(Captioned web image data)
────────────────────

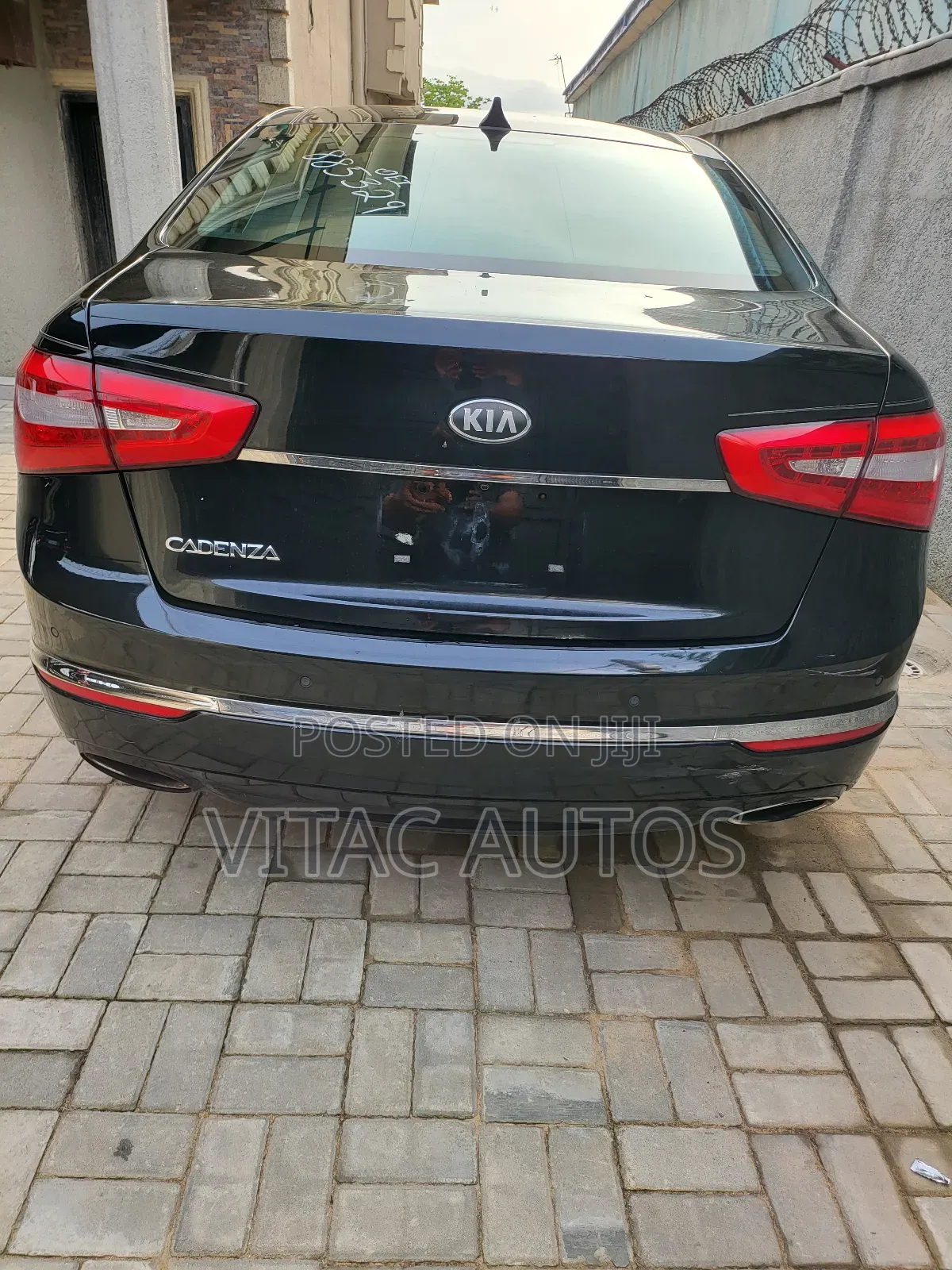 Kia Cadenza 2013 Black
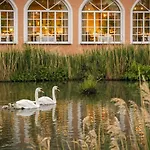 Hotel Schloss Golf & *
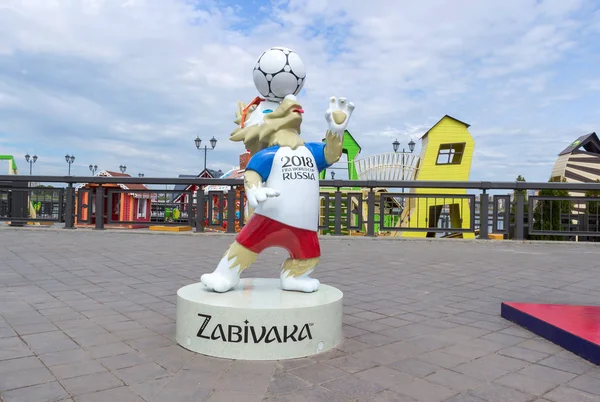 Kazan, Rusya - 12 Haziran 2018: Kurt Zabivaka Kremlin setin FIFA Dünya Kupası Rusya 2018 şampiyonasında resmi maskotu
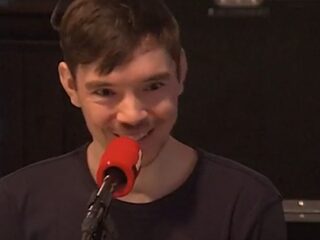 Cabaretier gebruikt autisme voor de lach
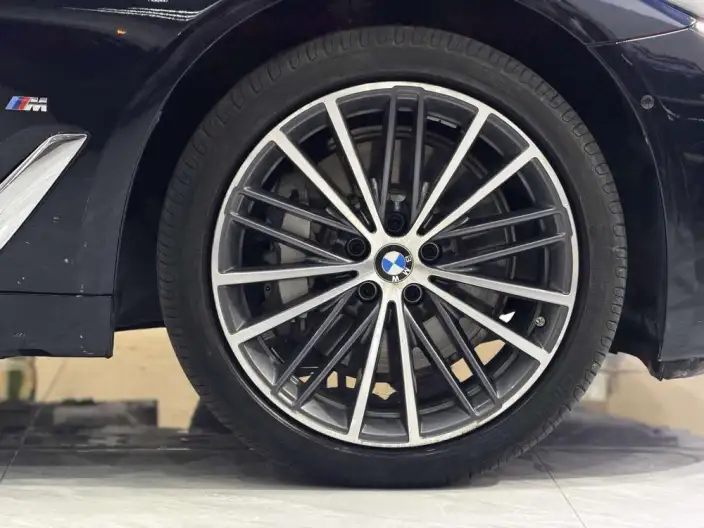 BMW 5 Series 2023 Model Facelift 530Li Exclusive Model M Sports Set – фото 6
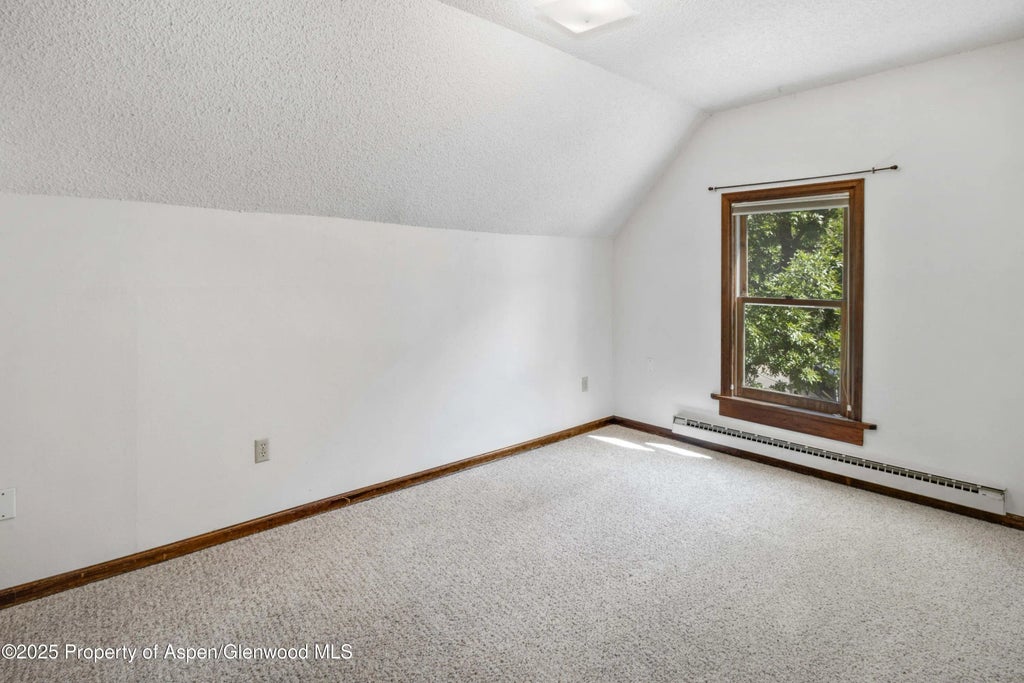 11 of 26 - 729 & 731 Bennett Avenue, Glenwood Springs, CO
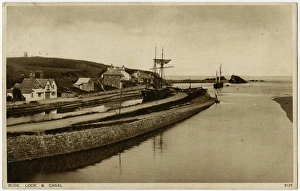 Bude, Cornwall - The Lock and Canal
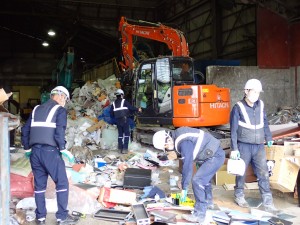 リサイクル資源の工場選別作業員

────────────────────

Begin at the line that contains "Hotel Schloss Golf & *" and transcribe exactly, and only, each line through the final line of the data above, both included; the pictures do not go in.

 Hotel Schloss Golf & *
 Kazan, Rusya - 12 Haziran 2018: Kurt Zabivaka Kremlin setin FIFA Dünya Kupası Rusya 2018 şampiyonasında resmi maskotu
 Cabaretier gebruikt autisme voor de lach
 BMW 5 Series 2023 Model Facelift 530Li Exclusive Model M Sports Set – фото 6
 11 of 26 - 729 & 731 Bennett Avenue, Glenwood Springs, CO
 Bude, Cornwall - The Lock and Canal
 リサイクル資源の工場選別作業員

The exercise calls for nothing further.